Finding the best approach may require talking to a variety of vendors, and scouring technical papers to see what works best for what applications. It may also require some narrowing of focus on the part of chipmakers, limiting the number of options to those that are well-tested in silicon.
“Standardize your design methods and tools as much as possible,” advises John Mick, ASIC design manager at Keysight. “Develop test cases to prove out changes to the flow before inserting into the production flow. Use the same process node for multiple designs. Moving to new node means new IP and design rule sets that can add many months to the ASIC development time.”
That said, complexity of these designs, and customization for specific applications and use cases, can have a big impact on what works best. “Customers should understand the key capability they’re looking for,” said Jaeger. “For example, if your goal is to mostly run software, then the highest possible performance is your number one priority. If you want to mostly make sure that your RTL is functional, and you don’t have to go through silicon respin, then debug capabilities are the most important thing for you.”
To this point, EDA tool providers often have tailored offerings. “For example, Keysight is simulator agnostic, so we don’t use a ‘canned’ vendor flow. We optimize our design flow to work with different vendors. This means we have developed hundreds of scripts to handle the tools and make it all work,” Mick said.

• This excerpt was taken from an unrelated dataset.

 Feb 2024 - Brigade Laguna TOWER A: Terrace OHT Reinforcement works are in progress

Synopsys’ Costa added that all of this advice may appear obvious, but in the middle of a crunch, when a team is worried about time and budget, it’s easy to ignore. That can wind up costing even more time in the end. “If you still need to change the RTL every day, that’s probably too soon to go into prototyping. You should go back to emulation or even to simulation and be sure that your design is in good shape. I always hear people talk about schedule. ‘Oh, I don’t have the time, so I need to just use one platform.’ However, you’re probably losing more time because you don’t have the right tool. You don’t have a hammer, you do want to put your nail in the wood in any regard, but you don’t have the time to go to the shop to buy a hammer. Further, these are very sophisticated tools. If you don’t know the methodology to debug things in a step-by-step manner, you may be lost very quickly.”
And above all, having a solid plan is key to knowing when to stop. “Verification is never ending,” Jaeger said. “There’s always something more that can be checked. Having a plan also means knowing when good is good enough for what you did.”
Conclusion
The number of options available to chipmakers, and the demands of end markets looking for highly customized solutions that include some form of AI/ML, with orders of magnitude improvements in performance per watt, are stretching existing tools and methodologies well beyond their initial targets.

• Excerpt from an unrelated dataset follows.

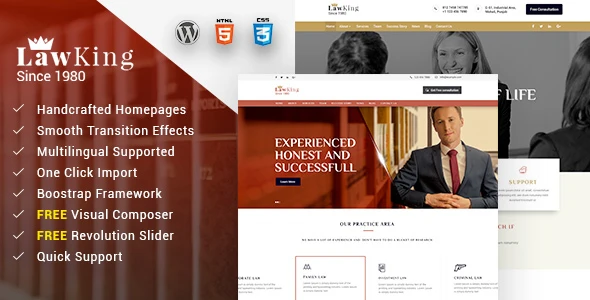 Lawking – Lawyer and Attorney Responsive WordPress Theme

The key for chipmakers will be to limit the number of options where it makes sense, in order to stay focused, as well as utilize whatever new techniques, tools, and methodologies are available in places where designs can benefit from them. Still, there will be more variables to contend with, and more challenges that may be unique for which there may be no single solution. These changes have made the design process much more interesting and innovative, but there’s a price to pay for that level of freedom.